Only one stretch of the data should be retyped: the lines from the line containing "Housse élastique UTV, Noir, H" through the line containing "Mesa Saarinen Redonda". Keep pictures out of it.

Data items:
---+---

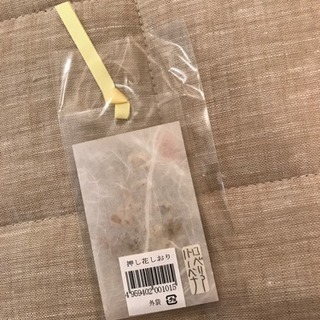 【新品】押花のしおりの画像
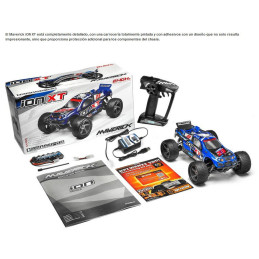 ION XT TRUGGY 1/18 ELECTRICO - MAVERICK 12808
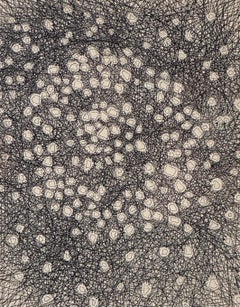 John Charles Ford Pacific Northwest Artist (1929-1977)  Marker on Paper Abstract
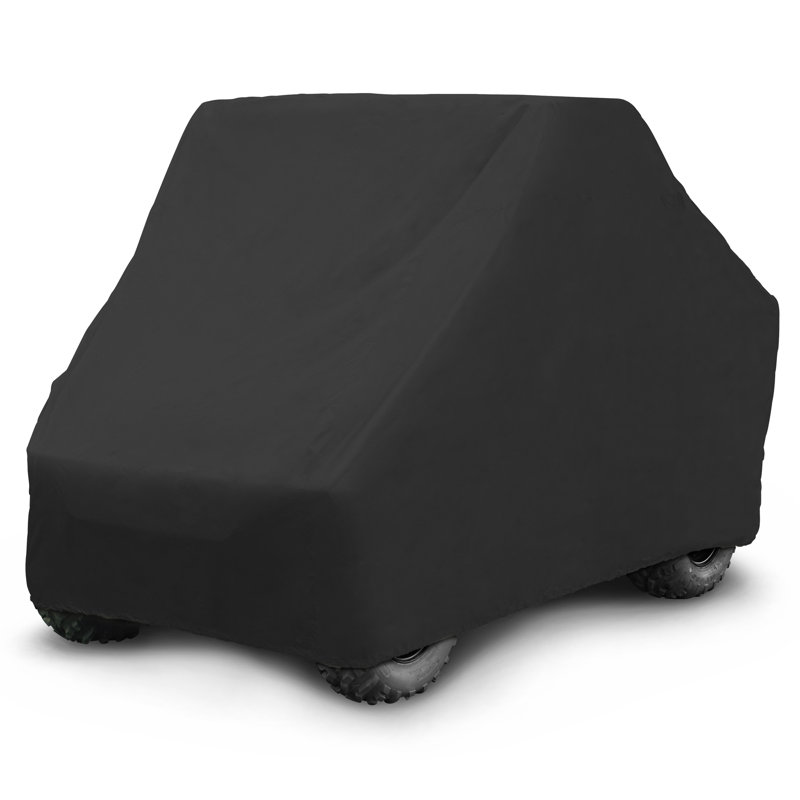 Housse élastique UTV, Noir, H 71 po x l 59 po x P 130 po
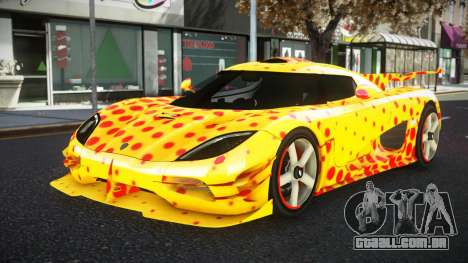 Koenigsegg Agera Z3L S6 para GTA 4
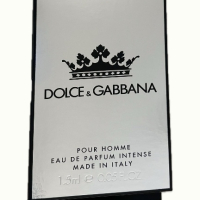 Dolce Gabbana - K (King) Eau de parfum INTENSE, мъжка мостра 1,5 мл, снимка 3 - Мъжки парфюми - 44865311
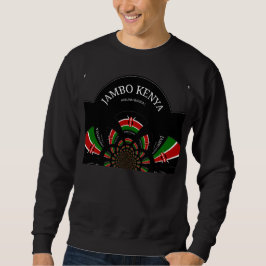 Hakuna Matata Mannen Basic Sweatshirt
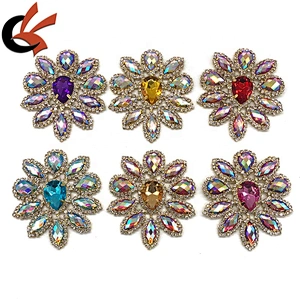 light topaz AB color resin crystal Carnival decoration rhinestone embellishment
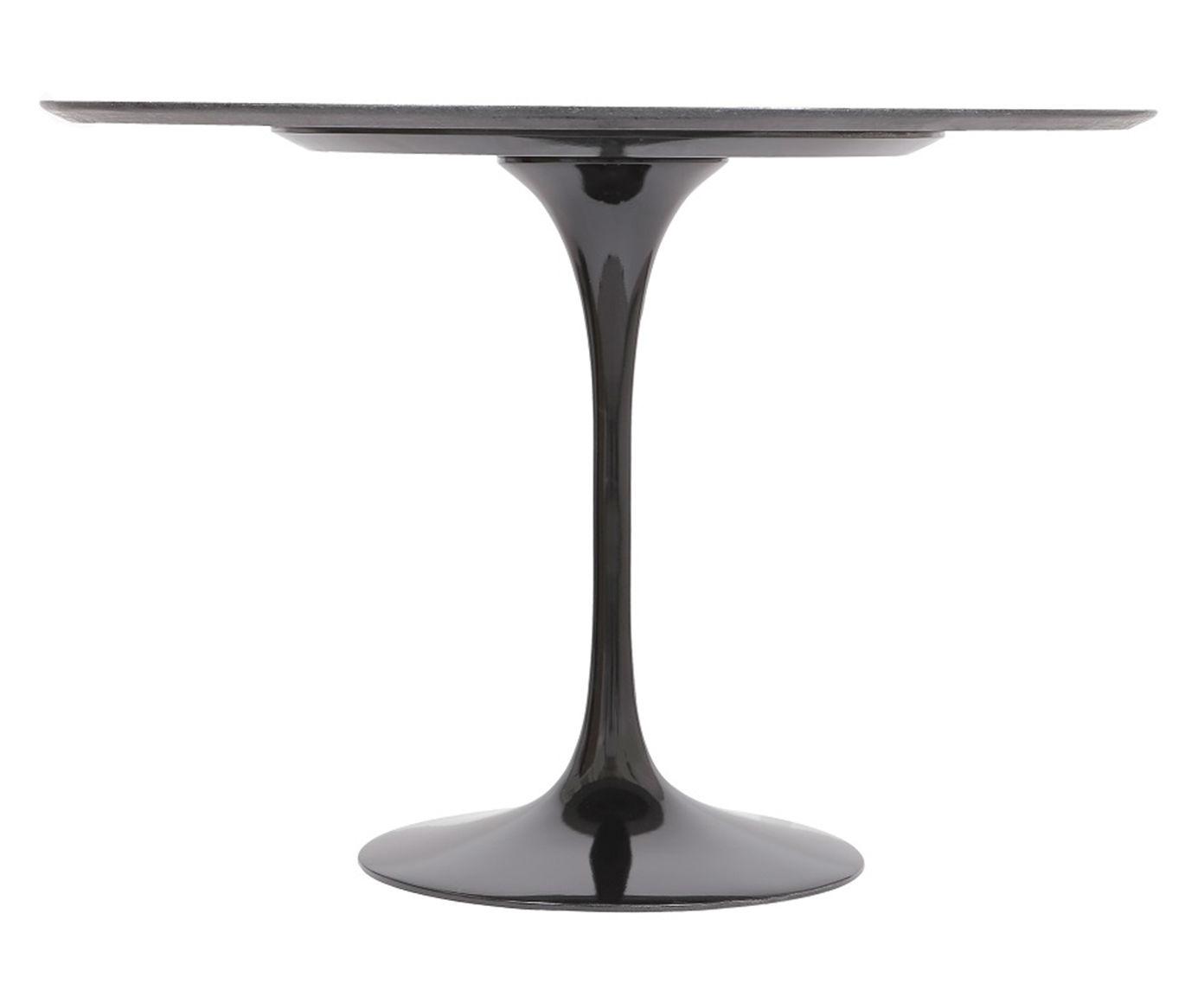 Mesa Saarinen Redonda S&atilde;o Gabriel Base Preta image number 3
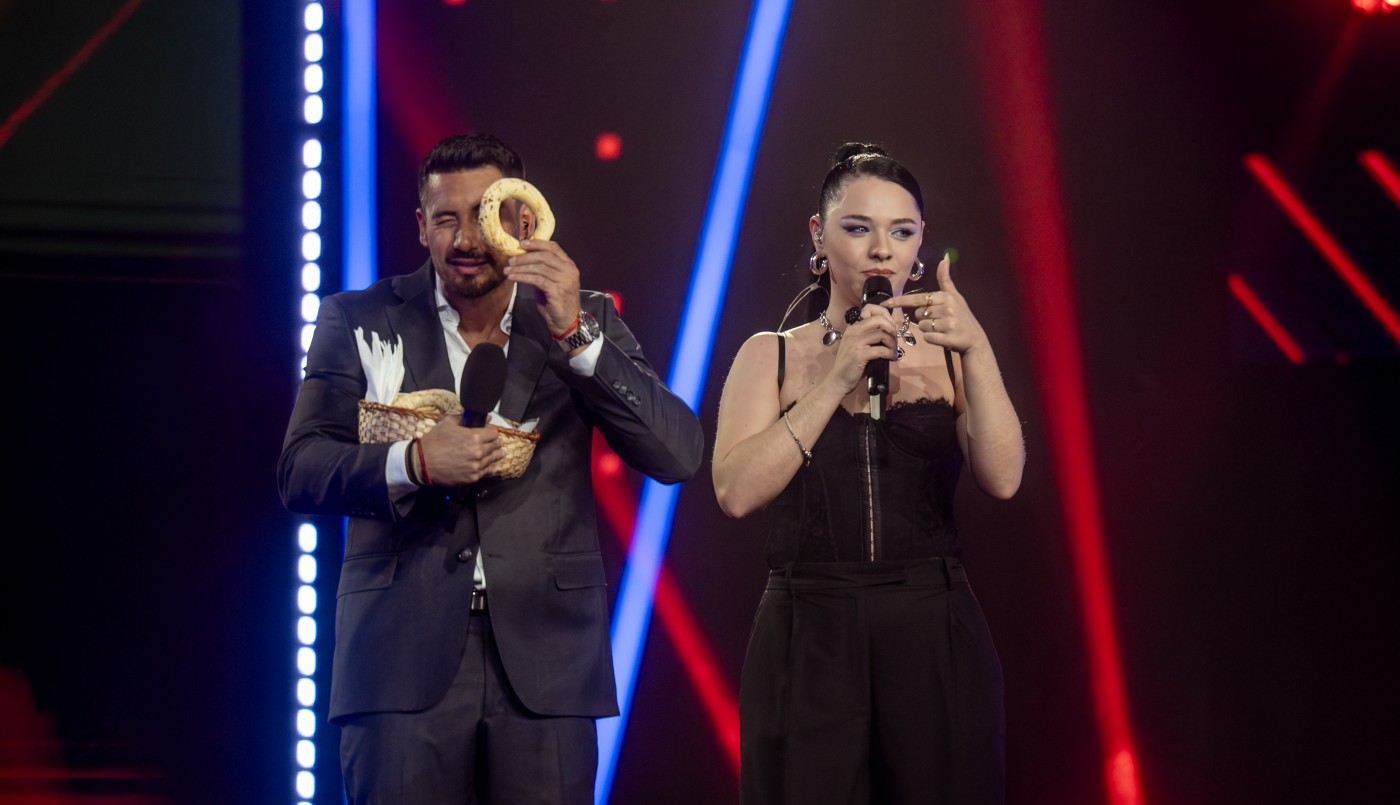 Nath Aponte conmovió a todos... ¡con una canasta llena de chipa! | Mejores momentos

---+---

### Answer box
 Housse élastique UTV, Noir, H 71 po x l 59 po x P 130 po
 Koenigsegg Agera Z3L S6 para GTA 4
 Dolce Gabbana - K (King) Eau de parfum INTENSE, мъжка мостра 1,5 мл, снимка 3 - Мъжки парфюми - 44865311
 Hakuna Matata Mannen Basic Sweatshirt
 light topaz AB color resin crystal Carnival decoration rhinestone embellishment
 Mesa Saarinen Redonda S&atilde;o Gabriel Base Preta image number 3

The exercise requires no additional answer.